There is very little quite as satisfying as propagating your own fruit or veggies. Not everything can be started via seed, though. Is growing citrus by seed a possibility? Let’s find out.
Citrus Tree Seeds
There is something exciting about starting with just a tiny seed and watching the plant grow to fruition. In the case of citrus tree seeds, it must be noted that the seed you plant from say, a Valencia orange, will not have the same qualities as the original orange tree. This is because commercial fruit trees are composed of two distinct parts.
The root system and lower trunk are composed of rootstock, or stock. The scion is engendered by inserting the tissue of the desired citrus into the rootstock. This allows the commercial citrus grower to manipulate the characteristics of the fruit, selecting only those traits that are most desirable, hence marketable, in the fruit. Some of these may be pest and disease resistance, soil or drought tolerance, yield and size of fruit, and even an ability to withstand cold temperatures.
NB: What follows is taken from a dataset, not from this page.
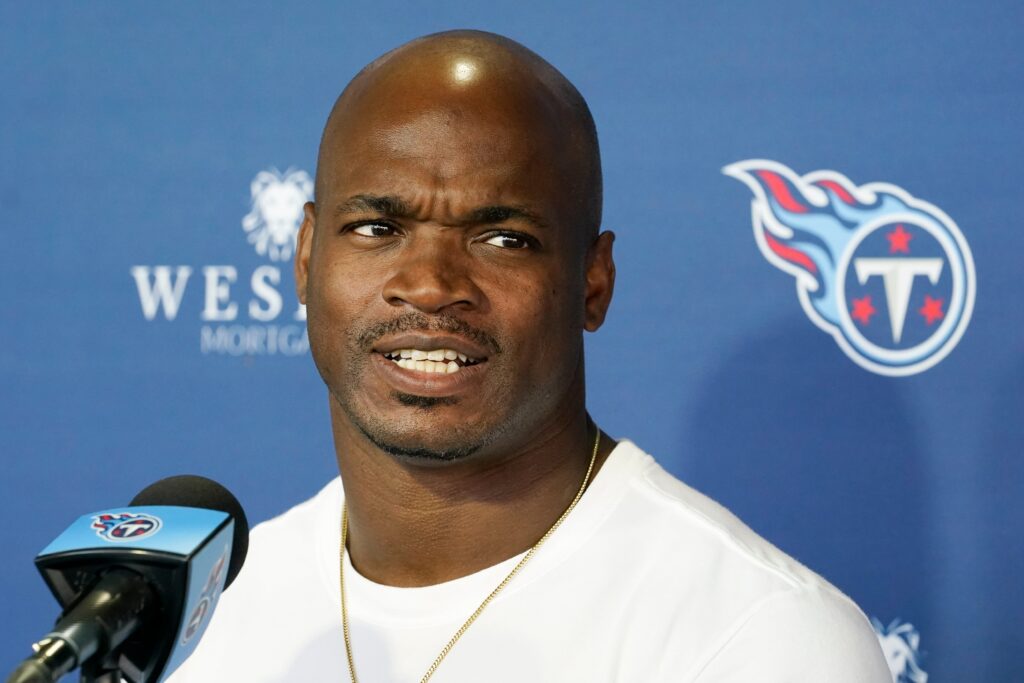 Adrian Peterson Will Not Be Charged With Felony in Domestic Violence Case, Reports Say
In fact, commercial citrus is usually composed of not only the above, but grafting and budding techniques as well.
What this means to home grower is that, yes, it is possible for citrus seed removal to result in a tree, but it may not be true to the original fruit. Certified, true to type, disease free propagation wood or seed is difficult to get, since it is usually sold in bulk quantities which are unsuitable for the home gardener. Experimenting with store bought citrus or that from a relative or neighbor is the best bet when growing citrus by seed.
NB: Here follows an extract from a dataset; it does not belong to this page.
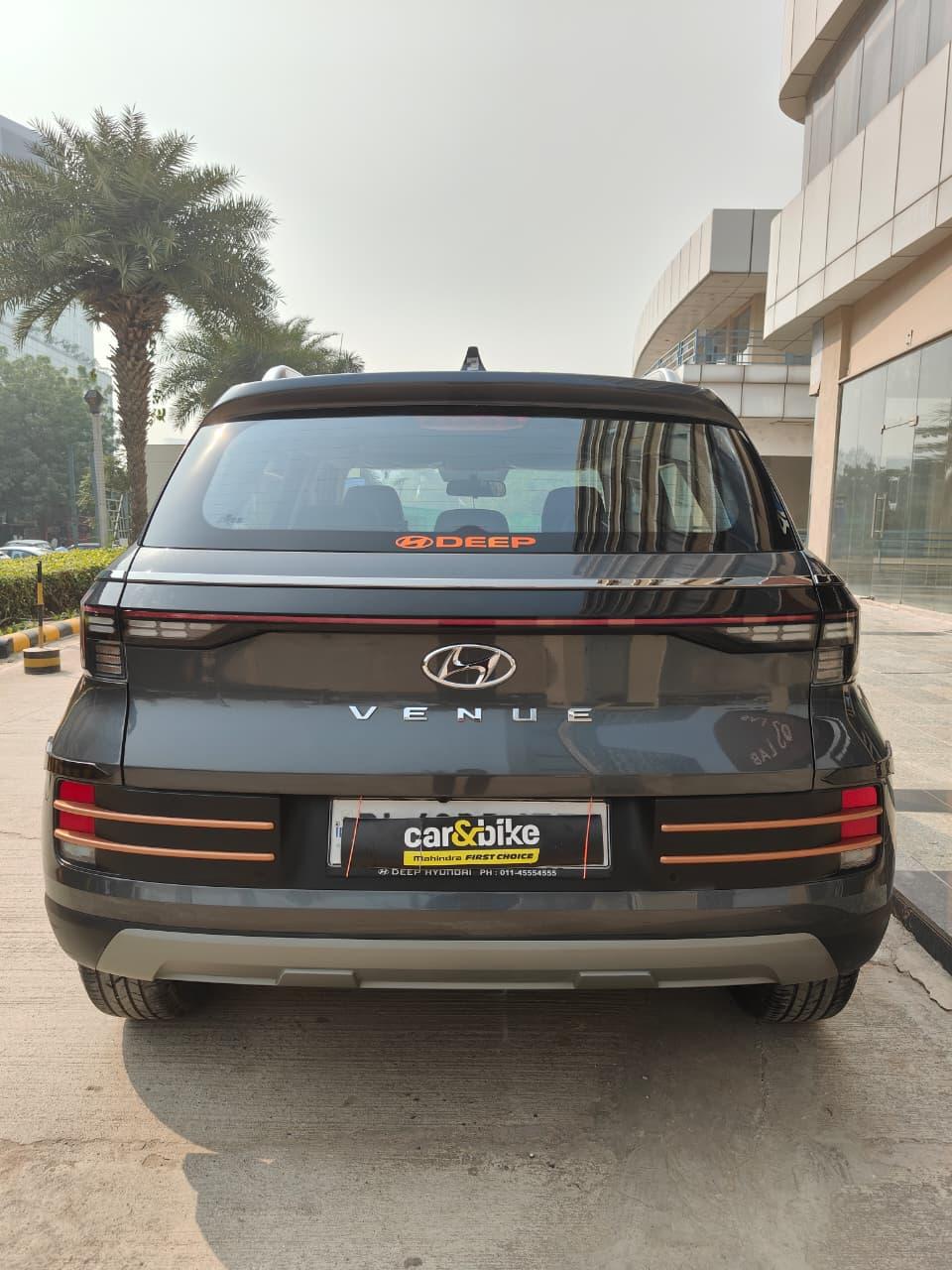 यूज़्ड 2024 ह्युंडई वेन्यू, Spaze Business Park, Gurgaon 3 यूज़्ड 2024 ह्युंडई वेन्यू, Spaze Business Park, Gurgaon 3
Harvesting Seeds from Citrus
Harvesting seeds from citrus is fairly simple. Begin by obtaining a couple of the fruits you wish to propagate. This is to increase the chance of getting seedlings. Carefully remove the seeds from the citrus fruit, taking care not to damage the seeds and squeezing them out gently.
Rinse the seeds in water to separate them from the pulp and remove the sugar that clings to them; sugar encourages fungal growth and will jeopardize potential seedlings. Place them on a paper towel. Sort out the largest seeds; those which are more white than tan with a shriveled outer skin are the most viable. You may now plant the seeds or prepare them for citrus seed storage.
To store the citrus seeds, place them on a moist paper towel. Keep about three times the amount of seeds that you want to plant in case some of them are not viable. Wrap the seeds in the damp towel and place them inside a sealable plastic bag. Place the bag in the refrigerator. Citrus seed storage in the fridge will last for several days to several months. Unlike other seeds, citrus seeds need to stay moist. If they dry out, it is very likely they will not germinate.
Growing Citrus by Seed
Plant your citrus seeds ½-inch (1.3 cm.) deep in nutrient rich soil or sprout them right on a moist paper towel. Start the seeds indoors in a warm, sunny area. Moisten the soil a bit and cover the top of the planting container with plastic wrap to aid in heat and moisture retention. Continue to keep the soil moist, not sodden. Be sure the container has drainage holes to let excess water drain away.
Good luck and be patient. Citrus started from seeds will take many years to reach a maturity for fruiting. For instance, lemon trees started from seed will take up to 15 years to produce lemons.